Despite all the new terminology, and the marketing collateral that says big data is “new” and “different” and “game-changing,” the reality is that those of us with long experience in the information sciences have seen much of this before and already have a conceptual framework to understand it. The DIKW pyramid is a simple yet powerful concept that is still relevant today, despite all the new buzzwords, jargon and technologies that have arisen.
The DIKW Pyramid: A Big Data Framework
The term “DIKW pyramid” refers loosely to a class of models meant to represent structural or functional relationships between Data, Information, Knowledge and Wisdom.
Labeling this idea as a pyramid is slightly disingenuous because it implies artificially hard barriers between the concepts when the lines are fuzzy at best. Data often bleeds into Information, which bleeds into Knowledge, which bleeds into Wisdom. If anything, it helps to think of DIKW as a heuristic, with multiple steps along the way and each layer blending into the others.
In this context, the “layers” are defined as:
- Data – Raw, unconnected facts, such as “rain,” “green,” and “obvious.”
- Information – Data that is given context and begins to become useful, such as “it’s raining outside,” “the grass is green,” and “this is obvious.”
- Knowledge – Information that’s used to take a specific action, such as “if it’s raining outside, I can offer a special on umbrellas.”
- Wisdom – The notion that there exists a process to apply all of this to a desired goal, typically with the idea of it being over time, such as “It rains a lot here during May, so I should make sure I have extra umbrellas in stock around this time and plan for umbrella focused customer messages.”
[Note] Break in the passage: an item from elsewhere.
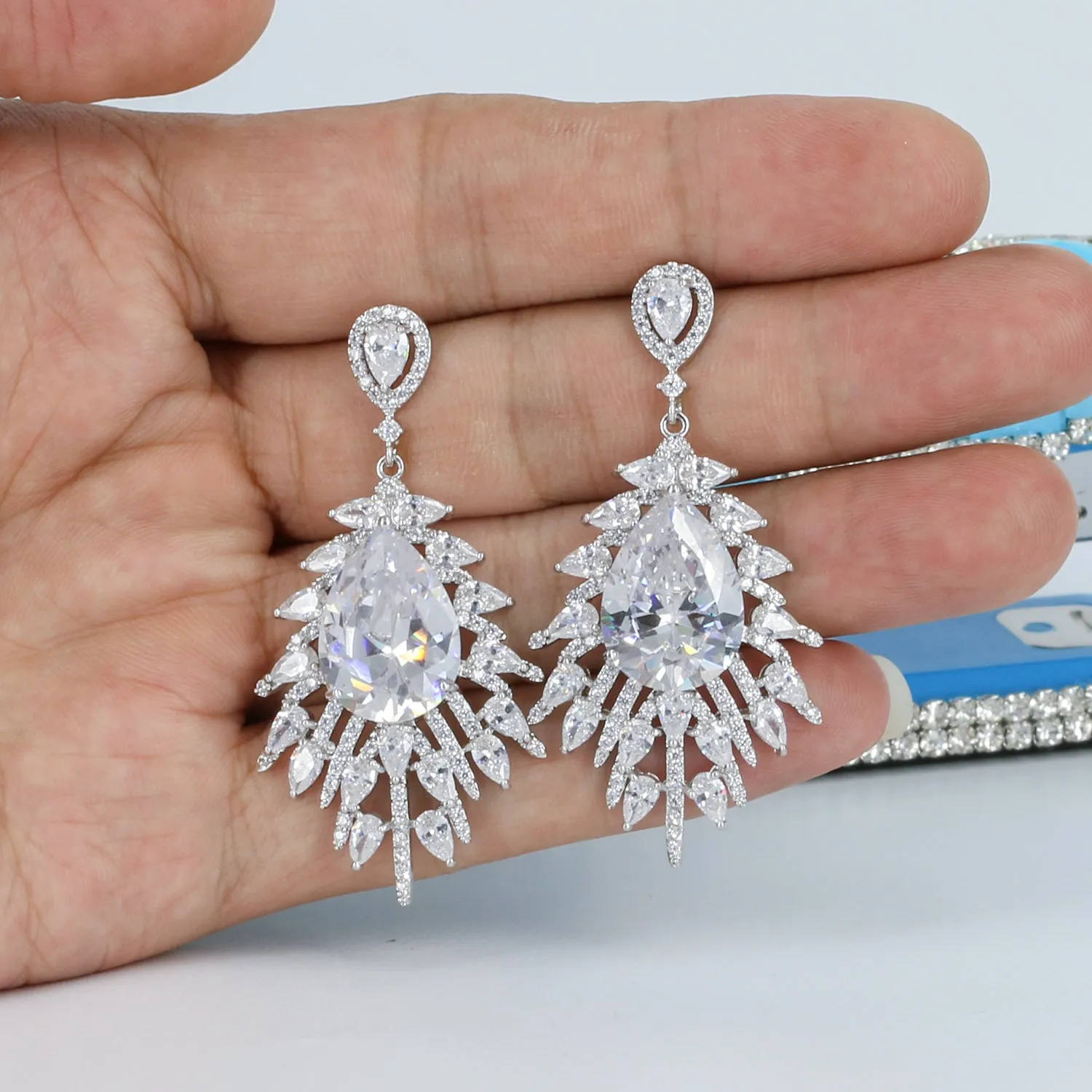 CZ Cubic Zirconia Drop Dangle Bridal Wedding Earring CE10092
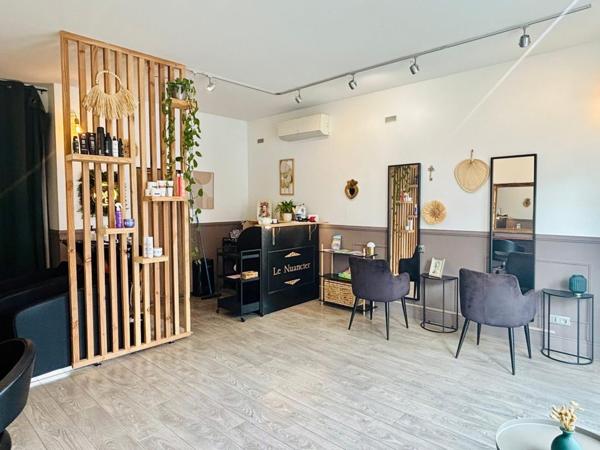 Salon visible, équipé, clientèle fidèle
In a business context, the flow goes from:
- Collecting data about your customers from across the modern, chaotic IT landscape;
- Building information by adding context to disconnected data points through metadata management and analytics;
- Using the knowledge created to take action (such as running a campaign) based on those analytics, or mapping out a customer journey and applying those learnings over time; and finally,
- Developing the wisdom to close the data/action loop – gathering process outcome data and measures as inputs to refining actions based upon evolving conditions.
The DIKW pyramid is an old concept, with many sources pegging 1987 as its foundational year, but others point to economist Kenneth Boulding as defining a variation on the hierarchy as early as 1955.
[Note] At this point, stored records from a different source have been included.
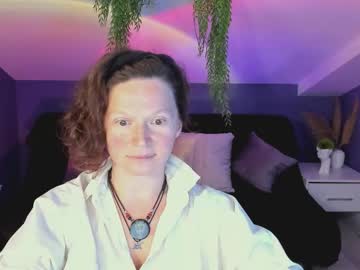 Auroraborealis__ Chaturbate stream image from September 18, 2025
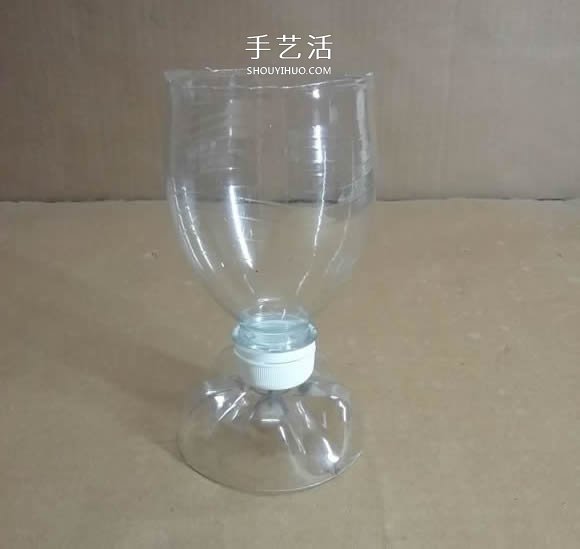 礦泉水瓶廢物利用手工制作獎杯、國旗和酒杯 -  rpnrmr.com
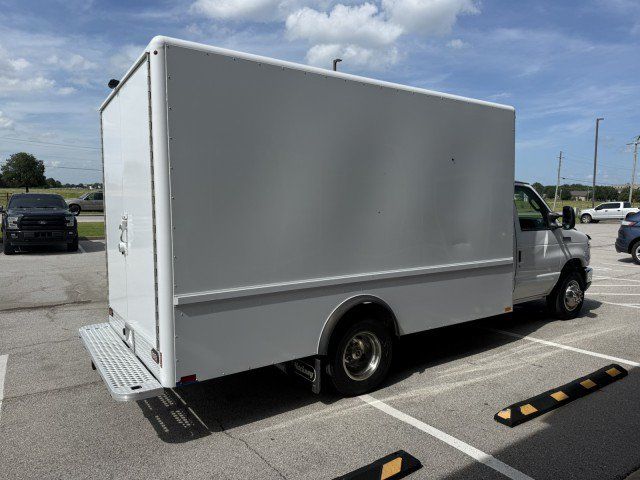 Used 2021 Ford E-350 and Econoline 350 Super Duty w/ Power Windows & Locks Group RWD image 2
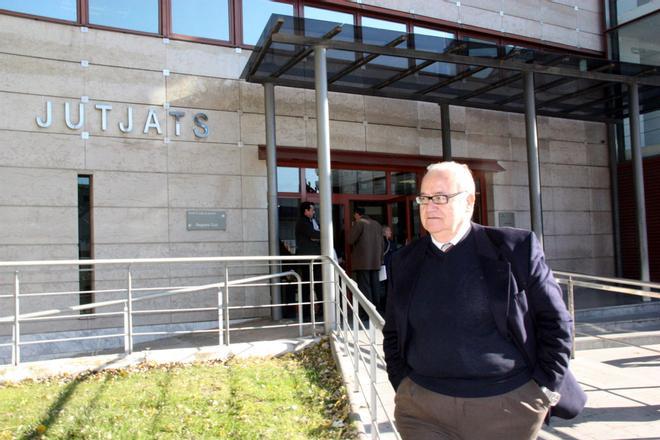 El expresidente del ICS Josep Prat pacta con la Fiscalía al admitir que malversó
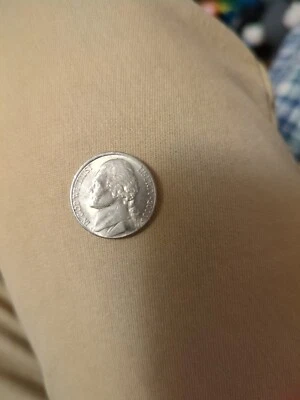 Circulated 2000 D Jefferson Nickel Misaligned Die Off Center - Image 1 of 2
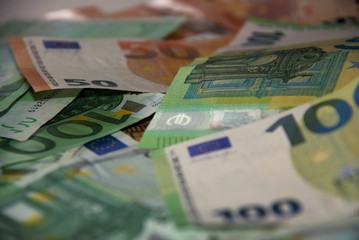 different european cash paper money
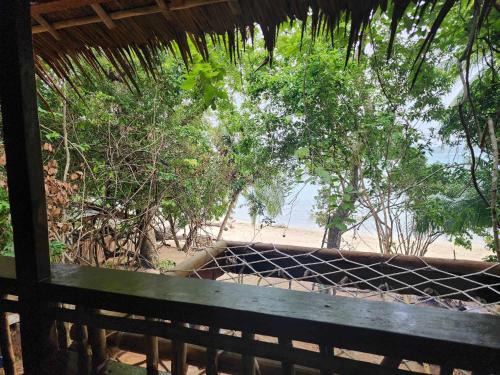 El Nido Cabin | Bice Overlooking Cabins Darocotan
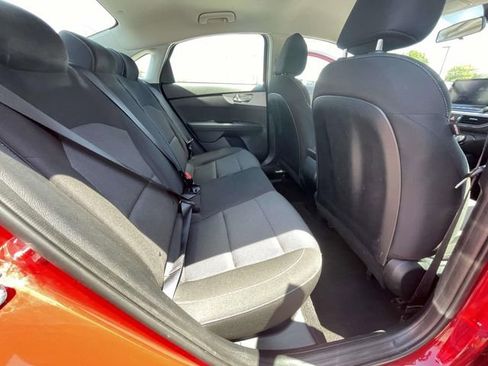 Used 2024 Kia Forte LXS FWD image 11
Many thinkers have defined similar schema at different times, which muddies the waters even further. Although its origin is hazy, the hierarchy is still a useful way to envision the processes of capturing and utilizing information in our big data age with its multiple varieties, volumes and velocities of data capture and business consumption.
Big data is a variation on the same theme that those of us who have worked with data for years already understand. While the technology and tools are vastly more powerful, in the end, data are still data. Volume, velocity and variety create technical challenges, the solutions of which give us more power and precision than we only imagined a few years ago.
But making that data useful and, more to the point, actionable has always been the core focus of data managers and other professionals. The underlying metaphor to comprehend how data become useful and create value hasn’t shifted either. While the technologies and methodologies used and the language applied have evolved, as they must with every new innovation, the DIKW pyramid is still a useful model for the journey from raw facts to worth (and value) over time.
The words may have changed, but the song most certainly hasn’t.